• _Exercise objective_: Below this line is a listing that includes pictures. Copy exactly, and only, the lines from the one containing "Sofa cover Eysa" through the one containing "Nữ Công Tước"; the pictures do not go in the copy.

• _Dataset records_:
....
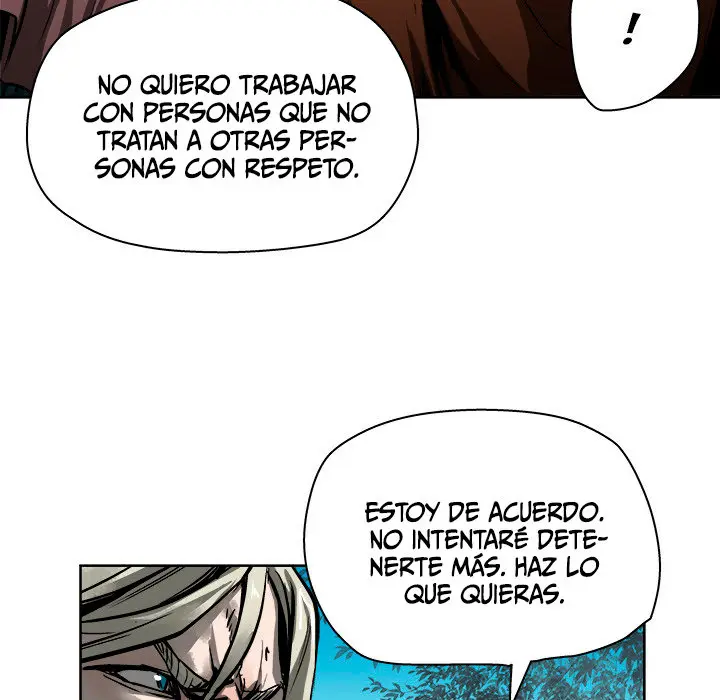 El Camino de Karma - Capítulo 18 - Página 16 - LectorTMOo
....
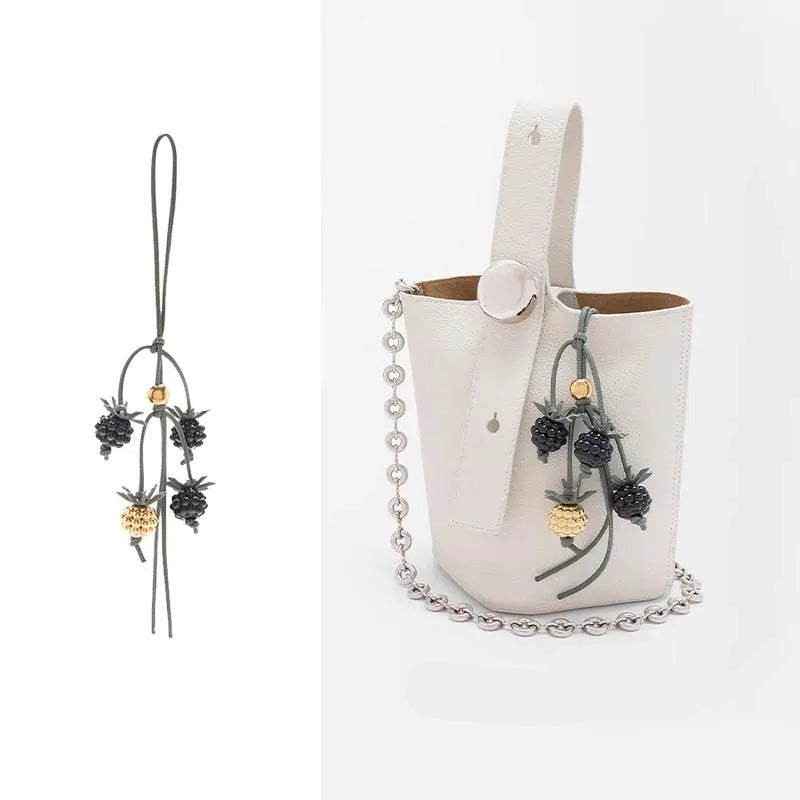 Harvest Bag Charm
....
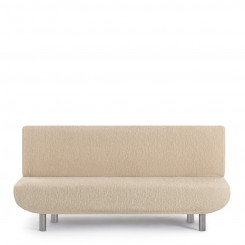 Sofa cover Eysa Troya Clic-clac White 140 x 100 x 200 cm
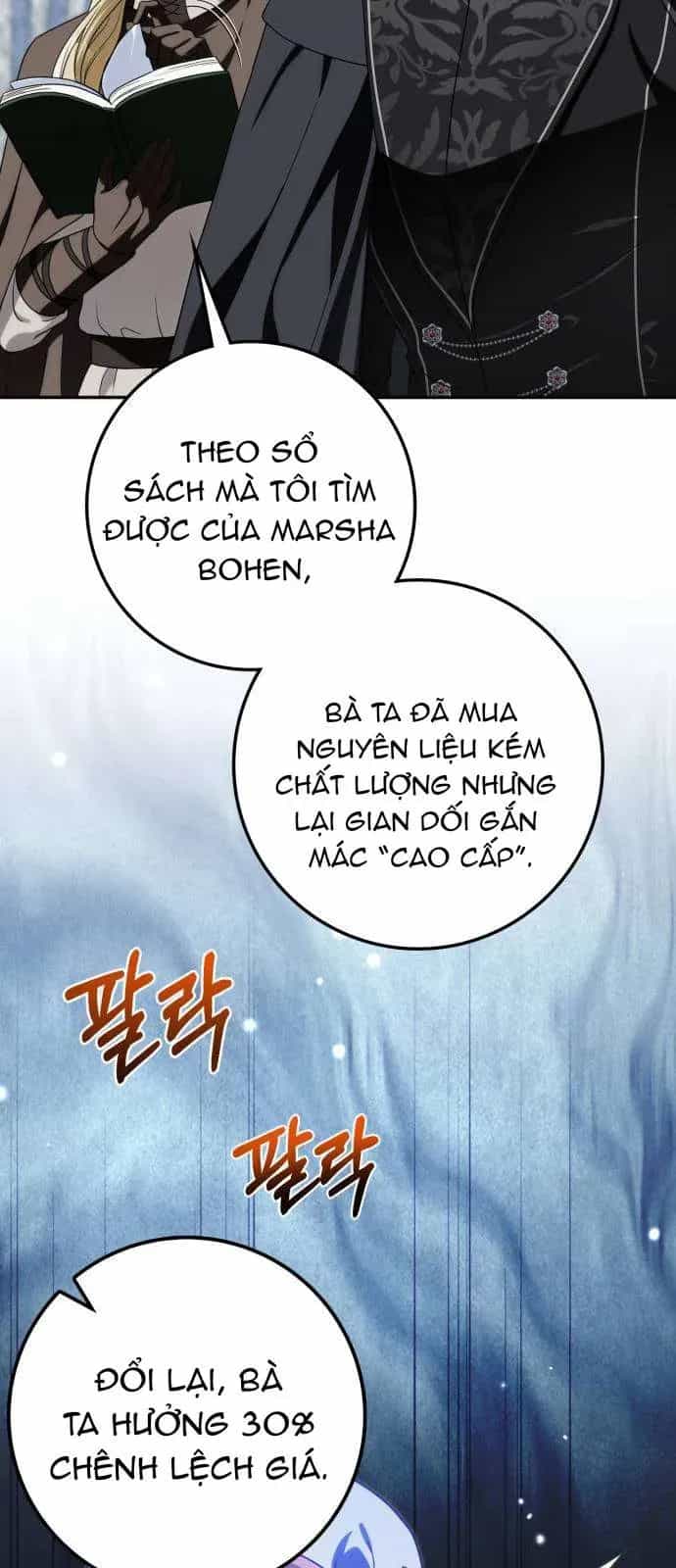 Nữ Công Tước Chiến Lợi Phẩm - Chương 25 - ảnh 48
....
• _Reply_:
 Sofa cover Eysa Troya Clic-clac White 140 x 100 x 200 cm
 Nữ Công Tước Chiến Lợi Phẩm - Chương 25 - ảnh 48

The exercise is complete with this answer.